Итак, вот общее разделение всего нашего исследования:
A. Перво–принцип числа — общая теория числа.
B. Число в своем идеальном завершении.
I. Сущность числа, или интенсивное число (арифметика, алгебра, анализ).
II. Явление числа, экстенсивное число (теория континуума и геометрия).
III. Действительность числа, эйдетическое число (теория множеств).
C. Реальное число, или число историческое (теория вероятностей и статистика).
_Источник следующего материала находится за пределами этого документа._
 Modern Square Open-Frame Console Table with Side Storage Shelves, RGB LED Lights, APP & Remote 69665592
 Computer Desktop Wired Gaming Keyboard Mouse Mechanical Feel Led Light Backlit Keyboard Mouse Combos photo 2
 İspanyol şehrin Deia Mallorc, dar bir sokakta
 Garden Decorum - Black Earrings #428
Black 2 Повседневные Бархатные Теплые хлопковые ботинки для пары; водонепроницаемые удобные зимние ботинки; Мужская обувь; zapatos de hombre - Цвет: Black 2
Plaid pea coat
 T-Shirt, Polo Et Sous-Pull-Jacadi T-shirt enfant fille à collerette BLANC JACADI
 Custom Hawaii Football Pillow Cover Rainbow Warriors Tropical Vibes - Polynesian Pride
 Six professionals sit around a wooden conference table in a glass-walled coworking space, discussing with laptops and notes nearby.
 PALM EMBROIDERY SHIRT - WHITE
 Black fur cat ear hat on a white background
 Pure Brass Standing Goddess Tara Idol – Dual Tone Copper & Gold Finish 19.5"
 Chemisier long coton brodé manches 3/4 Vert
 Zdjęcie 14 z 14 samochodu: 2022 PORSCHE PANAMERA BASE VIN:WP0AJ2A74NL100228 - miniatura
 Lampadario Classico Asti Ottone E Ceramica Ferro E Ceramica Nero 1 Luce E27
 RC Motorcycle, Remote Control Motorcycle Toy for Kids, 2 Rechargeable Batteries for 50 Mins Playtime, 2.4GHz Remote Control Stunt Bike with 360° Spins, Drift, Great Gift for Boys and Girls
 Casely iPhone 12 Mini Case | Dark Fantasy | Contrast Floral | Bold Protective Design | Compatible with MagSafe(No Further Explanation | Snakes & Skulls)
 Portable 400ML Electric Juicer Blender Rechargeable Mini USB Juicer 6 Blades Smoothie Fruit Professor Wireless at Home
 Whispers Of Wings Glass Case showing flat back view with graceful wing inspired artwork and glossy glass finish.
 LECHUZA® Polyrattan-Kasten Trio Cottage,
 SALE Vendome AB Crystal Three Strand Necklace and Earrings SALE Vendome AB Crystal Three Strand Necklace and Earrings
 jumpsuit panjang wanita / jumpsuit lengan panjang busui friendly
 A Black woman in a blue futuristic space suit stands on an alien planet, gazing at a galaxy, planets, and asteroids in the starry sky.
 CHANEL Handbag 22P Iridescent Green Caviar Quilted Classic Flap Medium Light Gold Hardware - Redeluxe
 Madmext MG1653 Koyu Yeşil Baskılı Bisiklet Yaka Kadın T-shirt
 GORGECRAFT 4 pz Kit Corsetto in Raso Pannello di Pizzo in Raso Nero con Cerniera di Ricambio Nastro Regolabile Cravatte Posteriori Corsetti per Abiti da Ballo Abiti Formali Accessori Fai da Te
Заметим, что эта диалектическая триада — сущность, явление, действительность — проводима решительно везде, в любой математической и логической области. Так, уже указанное выше общее разделение на чистую математику, математическое естествознание и культурно–социальную историю числа есть именно это разделение, только проводимое здесь в более широком масштабе. В области, например, арифметики или анализа мы также столкнемся с этим же разделением, хотя тут возможны и иные термины, и разные добавления и детализация.
ОБЩАЯ ТЕОРИЯ ЧИСЛА
Число является настолько основной и глубокой категорией бытия и сознания, что для его определения и характеристики можно брать только самые первоначальные, самые отвлеченные моменты того и другого. Математика— наука о числе—есть уже нечто вторичное по сравнению с самим числом. Если дана определенная диалектика числа, отсюда можно получить руководящие нити для диалектического анализа и самой математики как науки. Математика есть уже определенным образом скомбинированная теория и наука, а эта теория и наука предполагает, что уже есть определенный предмет для теоретизирования. И этот предмет надо вскрыть какими–то средствами, уже не просто математическими. Должно существовать определенное усмотрение предмета—той смысловой платформы, на которой будет разыгрываться математическая наука. И этой платформой может быть только вскрытие самого понятия числа, определение и философия его необходимых моментов — установок, без которых оно немыслимо. Этой до–теоретической задачей мы и должны заняться. Установивши прочно искомую платформу, т. е. получивши путем до–теоретического анализа то, что такое есть число в своем последнем существе, мы можем перейти к построению и науки о числе, именуемой как «математика», и выяснить диалектические основания этой последней как определенной системы.